# Source, supporting documents and  other documents needed for processing



## Mincading (30 Sep 2013)

hey all! i just finished submitting my canadian forces virtual recruitment  application online. it then sends me a page where it talks about the necessary documents required before processing.

my question is... what is the source document they are talking about?

what supporting documents do i need?

lastly, the other documents include 
-Birth certificate
-Transcripts
-Parental consent (part k of the form... i get online i suppose?)

With all this, i would just place in an envelope labelled with

Canadian Forces Virtual Recruiting Centre 
1164 Devonshire Ave, suite 400 
North Bay, Ontario 
Canada 
P1B 6X7
Attention: eRecruiting

and send it through the mail?

from then on, i wait. correct?

Thanks in advance!


----------



## DAA (30 Sep 2013)

What did you apply for?


----------



## Mincading (30 Sep 2013)

engineering/ mechanical engineer, and infantry


----------



## lee465 (1 Oct 2013)

I called my local RC when I had such questions and they were very helpful. They even photocopied and sent out my documents for me. There are some documents you have to fill out and sign (background check, references and such). Maybe those are the source documents. Call the RC just to be sure.


----------



## DAA (1 Oct 2013)

Mincading said:
			
		

> engineering/ mechanical engineer, and infantry



If you already possess a Unversity Degree and are applying to be an Officer (ie; DEO), then you will need to send "photocopies" of your Birth Certificate, proof of Canadian Citizenship (if applic), all Academic Transcripts (front and back) and a valid form of ID (ie; Drivers Licence preferred).

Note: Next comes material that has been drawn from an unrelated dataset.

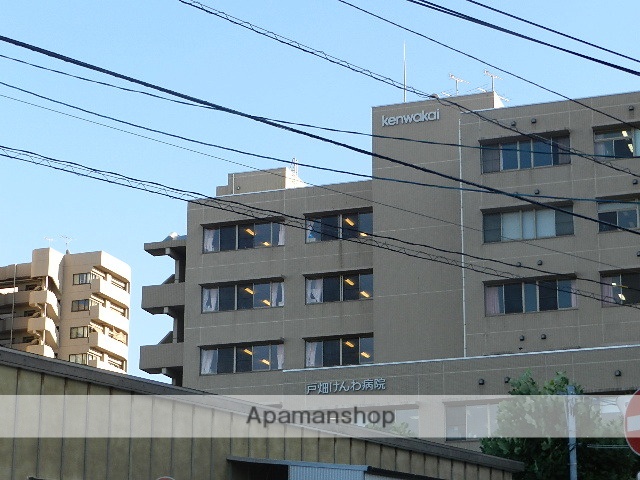 病院　（財）健和会戸畑けんわ病院（病院）まで1193m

These documents need to be mailed or faxed to North Bay as soon as you can.


----------



## Mincading (1 Oct 2013)

I applied as an ncm


----------



## DAA (1 Oct 2013)

Mincading said:
			
		

> I applied as an ncm



Okay, not a problem.  The process will be the same, so send in "photocopies" of the documents I mentioned and you should be good to go!

Once your application has been transferred to your local CFRC, they will contact you and send you even more forms to fill out.......lol


----------



## Zero501 (9 Oct 2013)

I have a followup question to the OP. I applied online on 10/02/2013 and received this email as well. I haven`t sent the documents yet to the CFVRC in North Bay as directed because of some delays getting my HS transcript however CFRC Kingston(my local recruiting center) called me today requesting I mail the documents to them. I was kind of shocked. The website says to mail or fax the documents to the Virtual Recruiting Center and NOT the local one. The email I received after applying online stated to specifically MAIL the documents to the Virtual Recruiting Center. At the time I didn't`t ask this to the recruiter I was speaking to but instead of mailing the documents does anyone think I could just go there and give them the documents. That way I may be able to shave a couple of days off my wait time due to delays with snail mail ,as everyone surely knows. Also does this mean that kingston has my file now and theres no need to contact the Virtual Recruiting Center.

Thanks in advance


----------



## DAA (9 Oct 2013)

Zero501 said:
			
		

> I have a followup question to the OP. I applied online on 10/02/2013 and received this email as well. I haven`t sent the documents yet to the CFVRC in North Bay as directed because of some delays getting my HS transcript however CFRC Kingston(my local recruiting center) called me today requesting I mail the documents to them. I was kind of shocked. The website says to mail or fax the documents to the Virtual Recruiting Center and NOT the local one. The email I received after applying online stated to specifically MAIL the documents to the Virtual Recruiting Center. At the time I didn't`t ask this to the recruiter I was speaking to but instead of mailing the documents does anyone think I could just go there and give them the documents. That way I may be able to shave a couple of days off my wait time due to delays with snail mail ,as everyone surely knows. Also does this mean that kingston has my file now and theres no need to contact the Virtual Recruiting Center.
> 
> Thanks in advance



Hmmmmmmmmm.......before I answer, I have to ask, "Have you submitted an application to the CF in the past and previously dealt with CFRC Kingston?"


----------



## Zero501 (9 Oct 2013)

DAA said:
			
		

> Hmmmmmmmmm.......before I answer, I have to ask, "Have you submitted an application to the CF in the past and previously dealt with CFRC Kingston?"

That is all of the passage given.